When Chayo thinks of the Virgin, she does not see a strong woman, she sees a weak woman, who stands by and lets other women be oppressed. She refuses to worship someone who is viewed as a “meek and passive mother” (Groover). Chayo expresses her grief at not being able to be accepted as a painter, and points out that if she was a man, or a father, she “could still be an artist, could love something instead of someone, and no one would call that selfish” (127). As the story goes on, she thinks herself to be pregnant.
When she finds out she is not pregnant, she believes it to be a sign from the Virgin that she cares about Chayo and accepts her for being a painter. In that sign, Chayo finally also accepts herself, having found a way to be herself and independent and also be religious and have faith. She realized that the pain that her mother and grandmother had to go through was not the Virgin’s fault, but of the patriarchy around her. The Virgin is the “power in my mother’s patience, strength in my grandmother’s endurance” (128).
After accepting the Virgin Chayo “wasn’t ashamed, then, to be my mother’s daughter, my grandmother’s granddaughter, and my ancestor’s child” (128). “Little Miracles, Kept Promises” shows the struggle between being yourself and staying connected with your culture. Chayo wants to be a painter even though her family gives her grief for it and does not believe in her, she still decides to do what she loves, instead of what everyone else wants her to do. Her inner struggle is with her religion and beliefs.
She does not think that being an independent woman she can believe in the Virgin, because she believes the Virgin was oppressed in many ways and represents that oppression, and even lets it happen. It is not until she accidentally almost gets pregnant that Chayo believes that the Virgin is watching over her and that she can be independent but also have faith. Chayo’s gift to the Virgin is her hair, that she has “never cut since the day I was born,” because it is the only thing she has with enough worth to give (125). With her newfound faith in the Virgin and her shorter hair Chayo’s head feels “as light as if I’d raised it from water” (125).
Chayo by the end of her letter reveals that she has rejected “the demand for female passivity” and has begun “embracing her Latina heritage” (Groover). In only one of these three stories, the main female character has overcome her struggle with herself and her religion. Cisneros uses the age progression of the book to show the differences between the actions of oppression to women. When they are young, they are helpless. There is nothing they can do, they may realize they are being oppressed, but other than running away into possibly even more dangerous situations, they cannot do anything.

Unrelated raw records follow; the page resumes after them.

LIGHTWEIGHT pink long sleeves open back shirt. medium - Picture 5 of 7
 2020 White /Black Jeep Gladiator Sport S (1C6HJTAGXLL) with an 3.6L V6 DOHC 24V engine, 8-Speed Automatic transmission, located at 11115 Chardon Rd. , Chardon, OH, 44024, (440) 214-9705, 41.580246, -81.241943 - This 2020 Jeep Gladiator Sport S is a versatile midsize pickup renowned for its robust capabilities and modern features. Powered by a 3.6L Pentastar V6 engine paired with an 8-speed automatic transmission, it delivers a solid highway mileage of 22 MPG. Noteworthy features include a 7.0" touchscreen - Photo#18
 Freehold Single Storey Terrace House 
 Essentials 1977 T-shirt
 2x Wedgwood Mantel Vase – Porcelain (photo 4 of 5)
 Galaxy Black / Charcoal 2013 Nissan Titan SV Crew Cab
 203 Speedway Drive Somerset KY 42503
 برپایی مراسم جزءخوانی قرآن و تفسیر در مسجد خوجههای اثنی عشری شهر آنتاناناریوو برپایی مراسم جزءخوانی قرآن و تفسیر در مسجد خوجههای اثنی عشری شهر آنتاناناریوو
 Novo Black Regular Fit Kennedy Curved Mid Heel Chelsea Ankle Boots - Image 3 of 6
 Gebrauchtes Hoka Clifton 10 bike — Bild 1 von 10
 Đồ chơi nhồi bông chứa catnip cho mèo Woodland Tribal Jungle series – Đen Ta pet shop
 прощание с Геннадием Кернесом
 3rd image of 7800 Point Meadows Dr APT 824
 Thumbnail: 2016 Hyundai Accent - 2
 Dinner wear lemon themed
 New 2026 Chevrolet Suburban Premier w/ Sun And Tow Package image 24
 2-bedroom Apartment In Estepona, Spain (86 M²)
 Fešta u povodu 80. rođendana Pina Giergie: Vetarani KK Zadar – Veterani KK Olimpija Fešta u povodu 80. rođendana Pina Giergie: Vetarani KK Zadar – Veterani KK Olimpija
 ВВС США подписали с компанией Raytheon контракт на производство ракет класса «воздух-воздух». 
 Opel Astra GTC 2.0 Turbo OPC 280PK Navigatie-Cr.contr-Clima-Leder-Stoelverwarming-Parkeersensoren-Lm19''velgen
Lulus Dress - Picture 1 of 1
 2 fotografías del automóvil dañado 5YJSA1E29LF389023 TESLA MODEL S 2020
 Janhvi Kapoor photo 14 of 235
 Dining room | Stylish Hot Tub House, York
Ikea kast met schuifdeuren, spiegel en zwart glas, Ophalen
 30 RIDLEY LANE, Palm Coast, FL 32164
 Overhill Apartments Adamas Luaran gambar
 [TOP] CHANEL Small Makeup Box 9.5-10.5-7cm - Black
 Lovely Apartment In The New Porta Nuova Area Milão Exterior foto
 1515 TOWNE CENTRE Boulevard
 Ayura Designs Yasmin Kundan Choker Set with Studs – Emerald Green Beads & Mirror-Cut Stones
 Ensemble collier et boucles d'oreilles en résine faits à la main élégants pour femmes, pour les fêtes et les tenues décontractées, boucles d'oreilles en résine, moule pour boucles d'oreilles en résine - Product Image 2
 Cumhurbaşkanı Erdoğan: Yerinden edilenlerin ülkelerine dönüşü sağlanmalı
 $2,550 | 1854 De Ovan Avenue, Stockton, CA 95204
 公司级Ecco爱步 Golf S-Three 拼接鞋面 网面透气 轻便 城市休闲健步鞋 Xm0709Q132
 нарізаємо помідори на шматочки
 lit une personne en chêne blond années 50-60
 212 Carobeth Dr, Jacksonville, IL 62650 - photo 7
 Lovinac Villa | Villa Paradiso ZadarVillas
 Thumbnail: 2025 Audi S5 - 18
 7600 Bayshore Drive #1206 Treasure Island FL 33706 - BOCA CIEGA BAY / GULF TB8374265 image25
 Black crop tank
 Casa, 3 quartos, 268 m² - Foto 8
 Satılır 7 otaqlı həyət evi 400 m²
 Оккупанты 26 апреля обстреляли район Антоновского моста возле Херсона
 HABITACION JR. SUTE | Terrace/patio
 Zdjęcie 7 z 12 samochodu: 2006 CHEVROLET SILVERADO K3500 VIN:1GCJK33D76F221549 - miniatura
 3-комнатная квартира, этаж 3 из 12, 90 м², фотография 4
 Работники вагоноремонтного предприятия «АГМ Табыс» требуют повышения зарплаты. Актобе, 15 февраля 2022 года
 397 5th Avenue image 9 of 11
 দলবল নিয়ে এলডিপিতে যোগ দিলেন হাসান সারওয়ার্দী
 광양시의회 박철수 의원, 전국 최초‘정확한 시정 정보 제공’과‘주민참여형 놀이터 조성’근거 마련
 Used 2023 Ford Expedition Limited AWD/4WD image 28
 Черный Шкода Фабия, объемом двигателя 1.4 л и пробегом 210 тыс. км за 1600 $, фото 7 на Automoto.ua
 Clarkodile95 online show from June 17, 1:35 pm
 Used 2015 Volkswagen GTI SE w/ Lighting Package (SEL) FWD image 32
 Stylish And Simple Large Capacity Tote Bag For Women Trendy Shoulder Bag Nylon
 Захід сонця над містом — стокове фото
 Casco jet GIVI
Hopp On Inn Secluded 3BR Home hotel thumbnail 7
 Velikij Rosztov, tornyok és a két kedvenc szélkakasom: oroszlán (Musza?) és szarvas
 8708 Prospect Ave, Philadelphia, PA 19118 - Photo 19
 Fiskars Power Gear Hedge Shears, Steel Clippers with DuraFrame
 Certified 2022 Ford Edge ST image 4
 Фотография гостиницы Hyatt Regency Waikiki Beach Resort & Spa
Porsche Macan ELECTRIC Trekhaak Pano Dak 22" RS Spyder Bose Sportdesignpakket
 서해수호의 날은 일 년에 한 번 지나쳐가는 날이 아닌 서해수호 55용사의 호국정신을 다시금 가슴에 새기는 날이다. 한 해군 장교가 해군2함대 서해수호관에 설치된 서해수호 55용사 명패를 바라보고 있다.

Patricia was at such a young age, she had no choice but to go back to her abusive father. With Cleofilas, she decides to go back to her old family and face the shame of not staying with her husband and becoming a single mother. Although she was able to make that decision for herself, she is still retreating to her father’s household and rules. Chayo is the only one out of these three that have a successful conclusion. She is able to become one with herself, her career, and her culture, balancing all three and becoming happy.
In a way, this is Cisneros showing that even though your community from such a young age can oppress you, you can still find a way out and achieve the happiness and the life that you want for yourself. Women can be independent and have careers that do not conform to their societal norms while also celebrating their religion and faith. One of Cisnero’s points is that not only can your community oppress you, but also you can oppress yourself. With Chayo, she found a way out and finding that balance is one of the most important things she could have done.